§ **Short descriptive text snippets**
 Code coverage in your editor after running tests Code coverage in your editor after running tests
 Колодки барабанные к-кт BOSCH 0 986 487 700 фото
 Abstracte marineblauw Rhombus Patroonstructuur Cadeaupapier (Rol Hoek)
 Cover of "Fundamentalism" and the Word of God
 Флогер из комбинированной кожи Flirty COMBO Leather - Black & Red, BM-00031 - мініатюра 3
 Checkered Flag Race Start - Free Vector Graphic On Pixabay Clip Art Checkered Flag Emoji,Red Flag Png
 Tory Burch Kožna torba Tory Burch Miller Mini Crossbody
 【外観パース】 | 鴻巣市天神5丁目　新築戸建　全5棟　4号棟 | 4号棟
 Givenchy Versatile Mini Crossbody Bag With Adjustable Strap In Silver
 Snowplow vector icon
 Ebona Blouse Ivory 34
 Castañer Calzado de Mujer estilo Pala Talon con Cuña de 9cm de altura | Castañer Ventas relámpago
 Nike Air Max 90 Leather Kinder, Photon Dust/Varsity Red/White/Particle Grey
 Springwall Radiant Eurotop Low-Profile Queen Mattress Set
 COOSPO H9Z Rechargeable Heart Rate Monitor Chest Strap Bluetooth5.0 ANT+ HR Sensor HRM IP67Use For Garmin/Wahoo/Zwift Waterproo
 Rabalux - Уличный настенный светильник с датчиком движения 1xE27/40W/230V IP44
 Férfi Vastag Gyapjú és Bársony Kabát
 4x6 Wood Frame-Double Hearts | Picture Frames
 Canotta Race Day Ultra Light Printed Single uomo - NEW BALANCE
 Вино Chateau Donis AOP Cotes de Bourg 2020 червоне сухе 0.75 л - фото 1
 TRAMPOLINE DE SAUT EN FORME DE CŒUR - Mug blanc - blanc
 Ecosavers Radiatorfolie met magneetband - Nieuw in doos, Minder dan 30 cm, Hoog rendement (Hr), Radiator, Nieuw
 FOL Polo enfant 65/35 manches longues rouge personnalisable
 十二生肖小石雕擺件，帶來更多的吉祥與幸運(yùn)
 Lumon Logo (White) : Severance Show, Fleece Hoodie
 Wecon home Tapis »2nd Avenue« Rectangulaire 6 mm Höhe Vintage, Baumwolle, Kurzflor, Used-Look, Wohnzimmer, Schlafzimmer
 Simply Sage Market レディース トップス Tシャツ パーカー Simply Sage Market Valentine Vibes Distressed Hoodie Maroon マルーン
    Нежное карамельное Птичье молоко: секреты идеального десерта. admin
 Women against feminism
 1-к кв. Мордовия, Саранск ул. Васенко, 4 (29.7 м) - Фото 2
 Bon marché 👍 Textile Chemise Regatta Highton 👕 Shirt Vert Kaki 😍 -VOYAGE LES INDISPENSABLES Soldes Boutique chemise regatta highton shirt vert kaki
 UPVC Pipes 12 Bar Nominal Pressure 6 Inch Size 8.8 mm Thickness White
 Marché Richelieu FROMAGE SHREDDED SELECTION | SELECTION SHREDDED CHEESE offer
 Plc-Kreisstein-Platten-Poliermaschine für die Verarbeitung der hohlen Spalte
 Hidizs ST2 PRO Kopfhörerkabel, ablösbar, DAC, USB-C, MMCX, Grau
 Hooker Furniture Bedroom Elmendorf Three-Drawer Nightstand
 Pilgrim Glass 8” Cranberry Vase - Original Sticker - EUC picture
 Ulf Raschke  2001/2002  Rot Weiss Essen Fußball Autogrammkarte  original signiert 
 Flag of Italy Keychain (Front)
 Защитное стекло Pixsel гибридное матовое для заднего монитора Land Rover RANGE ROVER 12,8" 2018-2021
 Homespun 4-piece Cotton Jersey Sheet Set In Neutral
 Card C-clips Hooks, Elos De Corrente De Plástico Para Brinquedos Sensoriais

§ **Activity**
Return the line that contains "十二生肖小石雕擺件，帶來更多的吉祥與幸運(yùn)" along with every line after it through the end of the entries, exactly, adding nothing.

§ **Result**
 十二生肖小石雕擺件，帶來更多的吉祥與幸運(yùn)
 Lumon Logo (White) : Severance Show, Fleece Hoodie
 Wecon home Tapis »2nd Avenue« Rectangulaire 6 mm Höhe Vintage, Baumwolle, Kurzflor, Used-Look, Wohnzimmer, Schlafzimmer
 Simply Sage Market レディース トップス Tシャツ パーカー Simply Sage Market Valentine Vibes Distressed Hoodie Maroon マルーン
    Нежное карамельное Птичье молоко: секреты идеального десерта. admin
 Women against feminism
 1-к кв. Мордовия, Саранск ул. Васенко, 4 (29.7 м) - Фото 2
 Bon marché 👍 Textile Chemise Regatta Highton 👕 Shirt Vert Kaki 😍 -VOYAGE LES INDISPENSABLES Soldes Boutique chemise regatta highton shirt vert kaki
 UPVC Pipes 12 Bar Nominal Pressure 6 Inch Size 8.8 mm Thickness White
 Marché Richelieu FROMAGE SHREDDED SELECTION | SELECTION SHREDDED CHEESE offer
 Plc-Kreisstein-Platten-Poliermaschine für die Verarbeitung der hohlen Spalte
 Hidizs ST2 PRO Kopfhörerkabel, ablösbar, DAC, USB-C, MMCX, Grau
 Hooker Furniture Bedroom Elmendorf Three-Drawer Nightstand
 Pilgrim Glass 8” Cranberry Vase - Original Sticker - EUC picture
 Ulf Raschke  2001/2002  Rot Weiss Essen Fußball Autogrammkarte  original signiert 
 Flag of Italy Keychain (Front)
 Защитное стекло Pixsel гибридное матовое для заднего монитора Land Rover RANGE ROVER 12,8" 2018-2021
 Homespun 4-piece Cotton Jersey Sheet Set In Neutral
 Card C-clips Hooks, Elos De Corrente De Plástico Para Brinquedos Sensoriais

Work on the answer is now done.